## [ABOUT THIS EXERCISE]
Retype the material that follows exactly, limited to the lines from the one with "Welcome back everybody" through the one with "Just like you're", and keep out all pictures.

## [PROVIDED DATA]
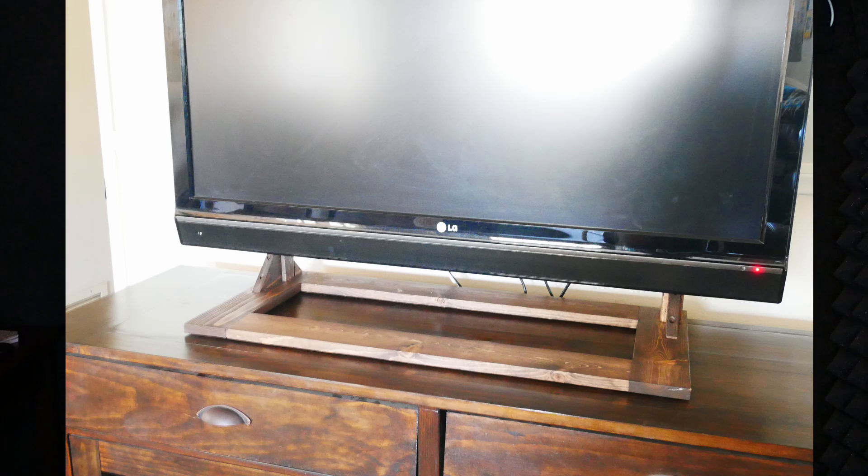Have you ever looked at those ugly black plastic TV stands and wished you had a beautiful bespoke stand that matched your furniture? Or are you just cheap like me and buy used TVs off of Craigslist, and they just never seem to come with a stand?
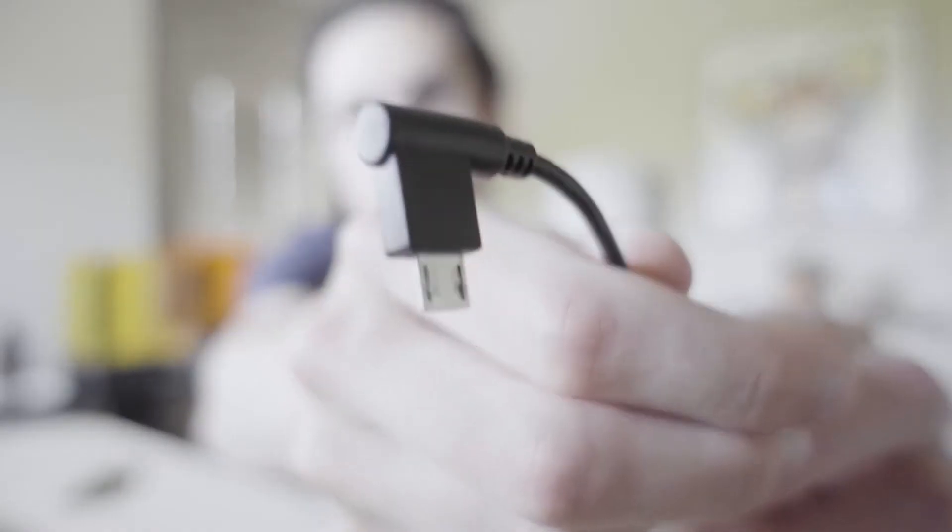Number two: the cord. It's so awkwardly long. When you have it on your desk and it's in the way of everything you're trying to work with, it's just not a good time. I'm not going to get the Bluetooth version because those are really expensive, but I am going to try and fix it.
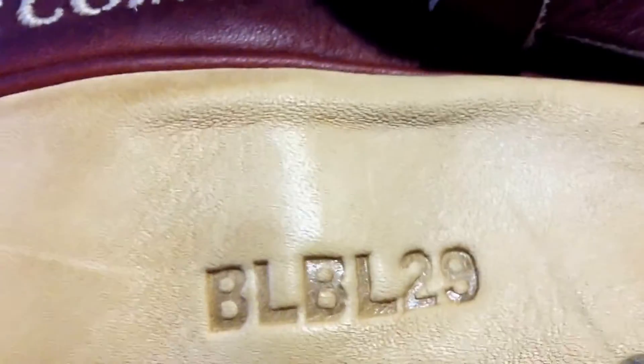It is Pro Preferred, I'm not lying. R.E. number 1598. Date code is BLBL29, which means it was made December 2012. But it does say the Gold Glove Company.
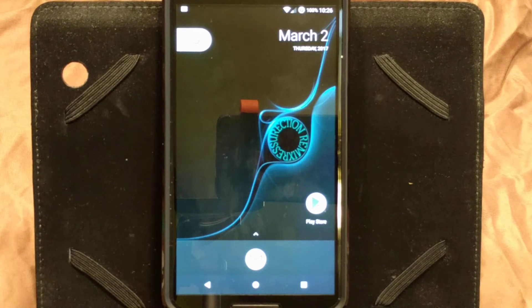Welcome back everybody to Haze Tech ROM reviews. I'm going to go over how to install MultiROM on the Nexus 6. This is going to be an unofficial build by Captain Jack.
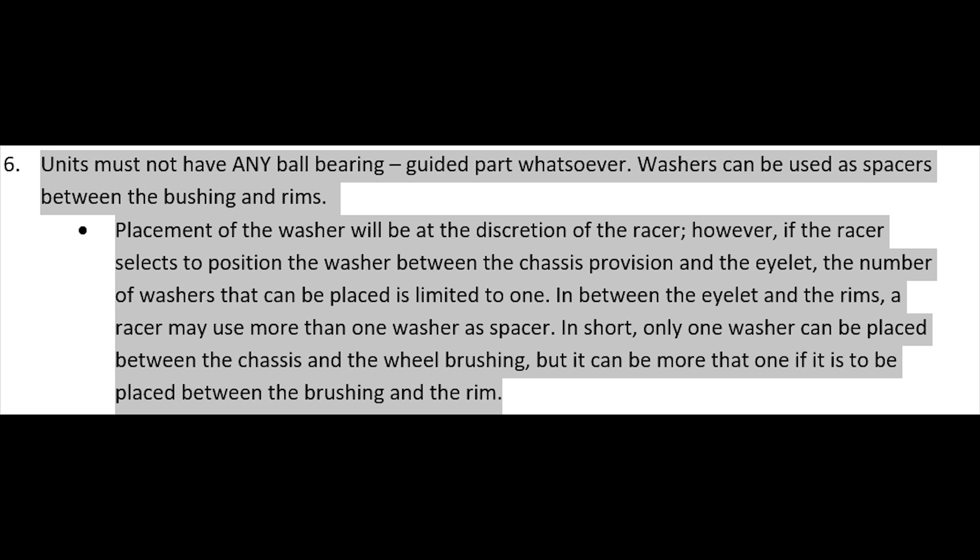Ang allowed lang is kung maglalagay ka ng washer sa chassis, tapos washer, tapos din eyelet, ang maximum na pwede mong lagay na washer as spacer is isa lang. Again: chassis, din lalagyan mo ng washer, tsaka mo ilalagay yung eyelet. Ang maximum na washer na pwede mong ilagay as a spacer ay isa lang.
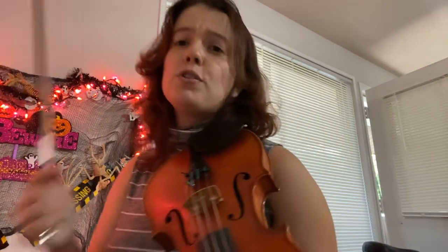Just like you're going down a scale, okay? For the variation, all we're doing is the same — so first and third fingers, but with a rhythm.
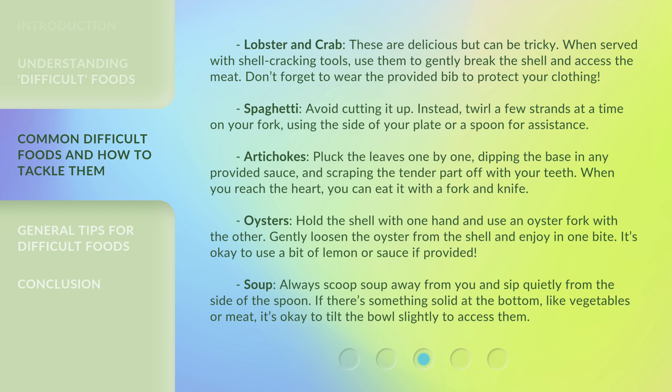Spaghetti. Avoid cutting it up. Instead, twirl a few strands at a time on your fork, using the side of your plate or a spoon for assistance.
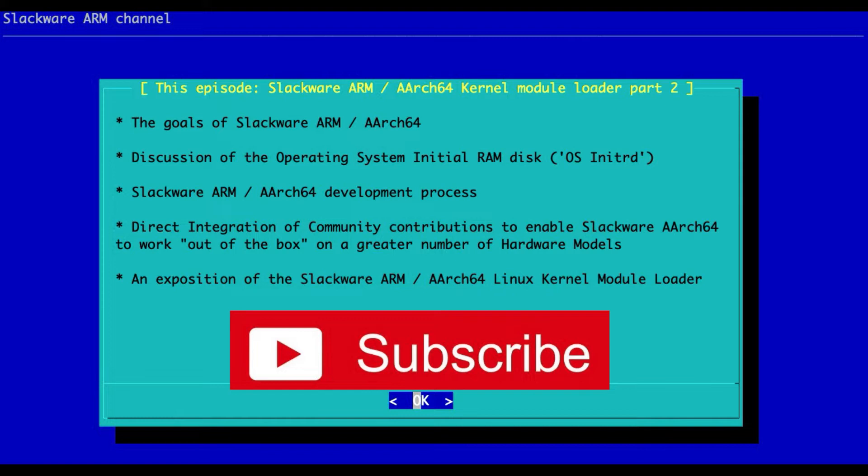In this episode, I want to continue talking about the new kernel module loader that we started discussing in episode 11. The kernel module loader sounds very fancy, but in reality it's an incredibly simple, small collection of shell scripts. Those shell scripts are responsible for loading the drivers you need to access the hardware, which come in the form of Linux kernel modules. The kernel module loader is a collection of shell scripts responsible for loading modules on a particular hardware model.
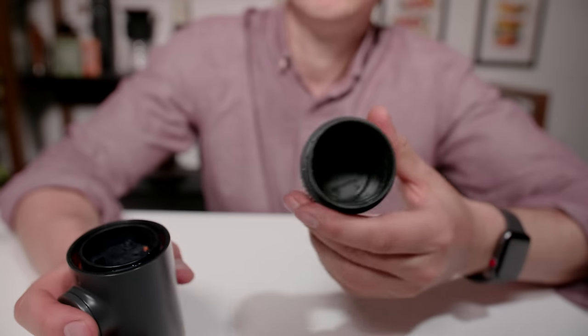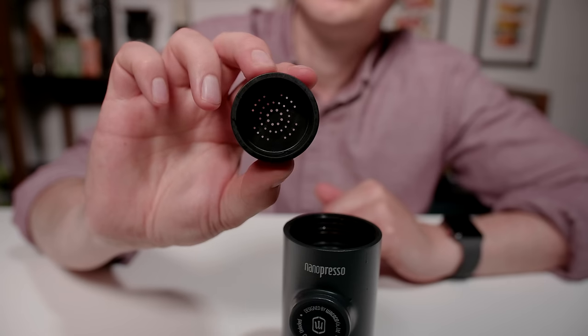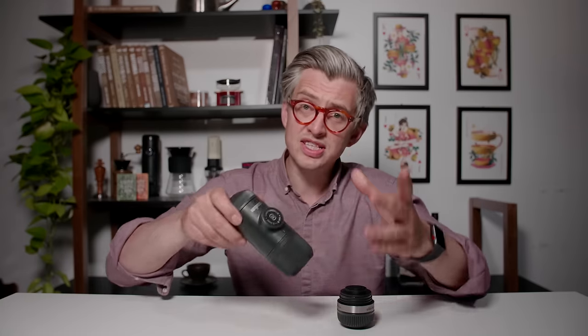Let's quickly run through how this thing works. You have a water chamber at the back that holds 50 to 60 mils of hot water that you put in just before you brew. You close it up, and then into this section is where your coffee goes. When you brew, the coffee will be underneath with a shower head on top, and it'll be filtered through the bottom of the basket into the cup. When it's time to brew, you pop out this little plunger and pump it to build up pressure. They say you're going to brew more than enough pressure for espresso, and from using it, that's been my experience.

## [ANSWER SECTION]
Welcome back everybody to Haze Tech ROM reviews. I'm going to go over how to install MultiROM on the Nexus 6. This is going to be an unofficial build by Captain Jack.
Ang allowed lang is kung maglalagay ka ng washer sa chassis, tapos washer, tapos din eyelet, ang maximum na pwede mong lagay na washer as spacer is isa lang. Again: chassis, din lalagyan mo ng washer, tsaka mo ilalagay yung eyelet. Ang maximum na washer na pwede mong ilagay as a spacer ay isa lang.
Just like you're going down a scale, okay? For the variation, all we're doing is the same — so first and third fingers, but with a rhythm.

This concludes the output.